The Doctor paced around the back of the building, ignoring the crew who were cluttered around the craft table, watching him warily.  He resembled a chained dog, wandering at the end of his tether, occasionally checking around to the front entrance of the building to see if Tony had come out that way.  It was almost comical, except for the expression on his face.  The Doctor looked grim and distant, his expression even alien.  There was the sense of a man who had seen the centuries pass, done unspeakable things, and was not accustomed to being forced to wait.  He was a man of action.  For all his years, patience was not always one of his virtues.  Frankly, he was starting to scare people.

Suddenly, he spun on his heels, staring at the exterior set doors with elation.  "Ha!" he said, although there was a pinched looked around the edge of his eyes that hadn't been there moments ago.  His loud exclamation startled several of the crew.

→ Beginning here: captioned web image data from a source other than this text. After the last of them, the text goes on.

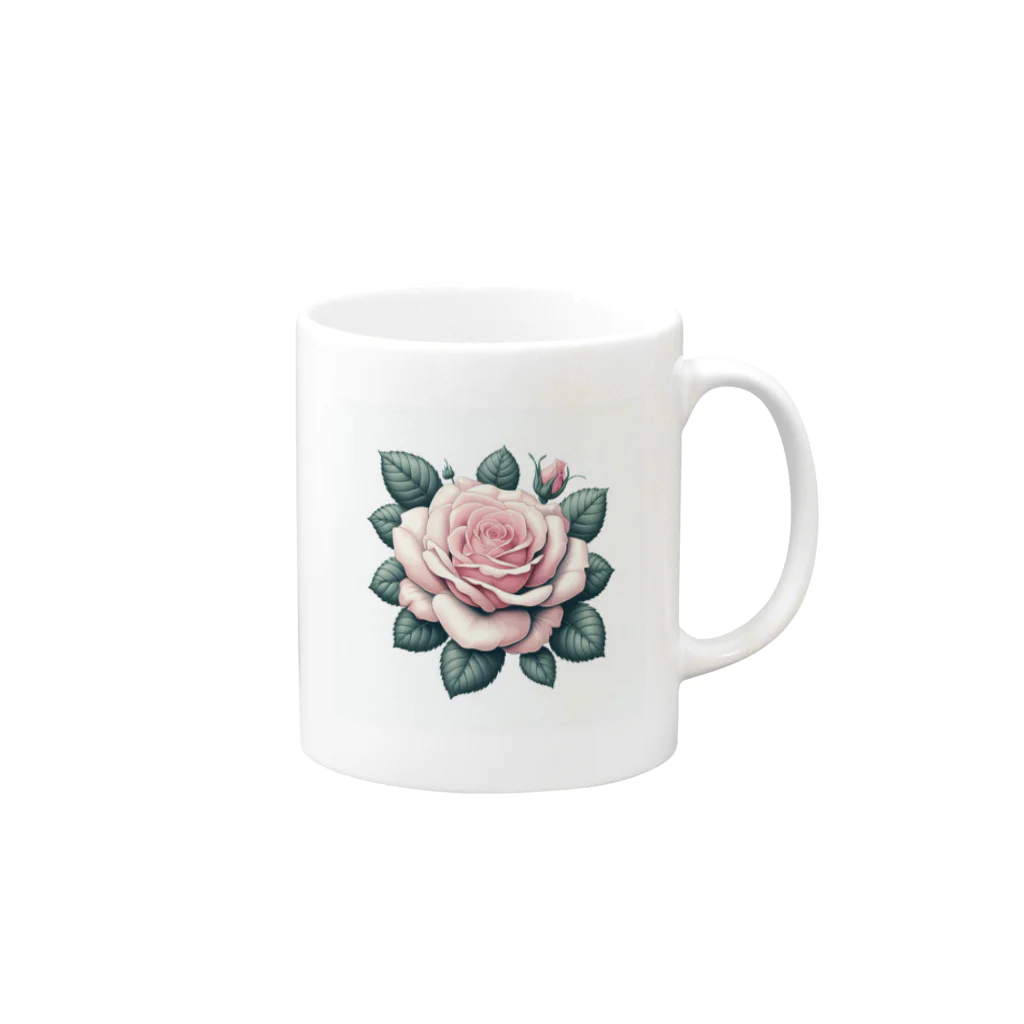 zymrの一本の強い薔薇 Mug :right side of the handle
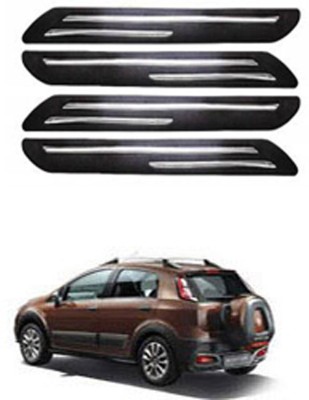 RONISH Silicone Car Bumper Guard(Black, Pack of 4, Fiat, Avventura)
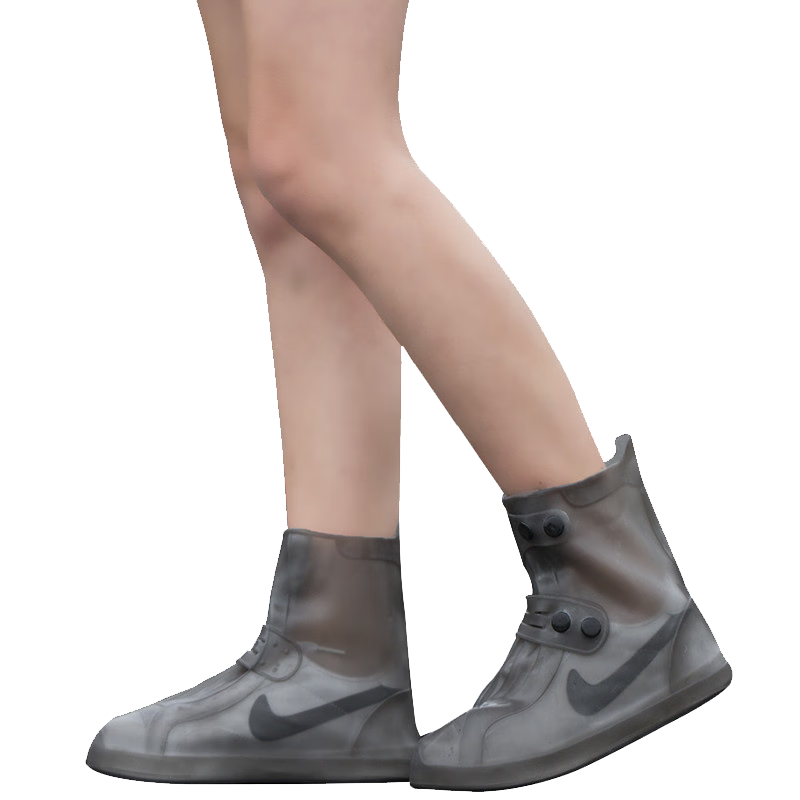 JAJALIN Waterproof Rain Boots, Non-Slip Thickened Wear-Resistant Adult Rain Boots for Men And Women, Rainy Day Foot Covers, Size 40-41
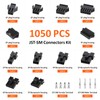 Preciva Wire Crimping Tool Connector kit, 1050Pcs JST-SM Connectors Set,
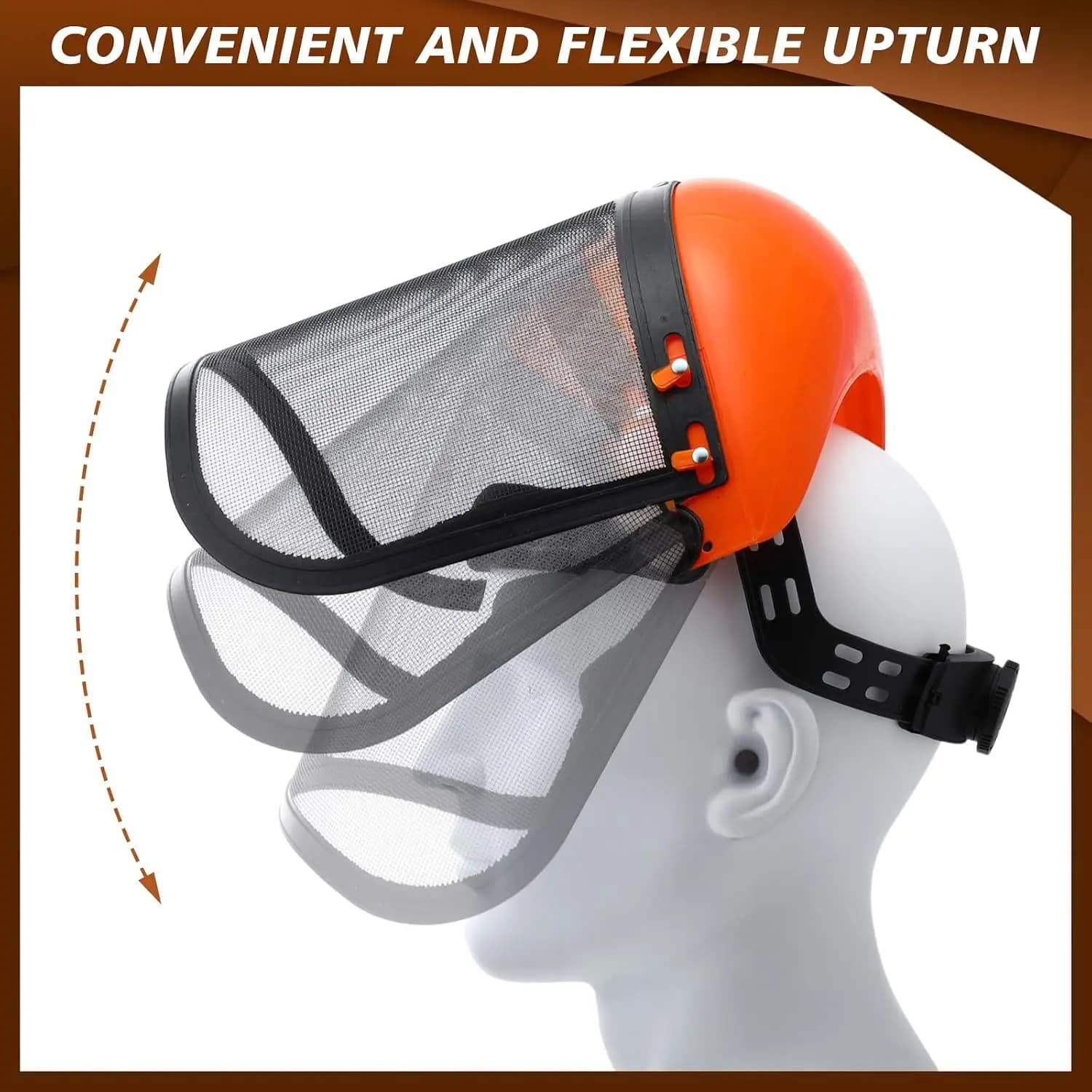 Garden Grass Trimmer Helmet Hat, Full Face Mesh Visor, Brush Cutter Yard Mowing Face Cover Guard Sabary Safety Face Shield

"What is it?" Peter asked.  "Did he do it?"

"Well, I can't think of another reason he's activate those symbols, so he must have."  The Doctor moved to the doors.  They'd locked them, to discourage the angels or Tony from running out the back.  He pulled out his sonic screwdriver, using it on the lock and pulling the door.  He barely managed to straighten in front of the door when a blow to his chest sent him reeling back.  As he straightened, Tony stepped through the doors looking murderous.  Energy practically crackled in the air around the wizard as he stared hard at the Time Lord.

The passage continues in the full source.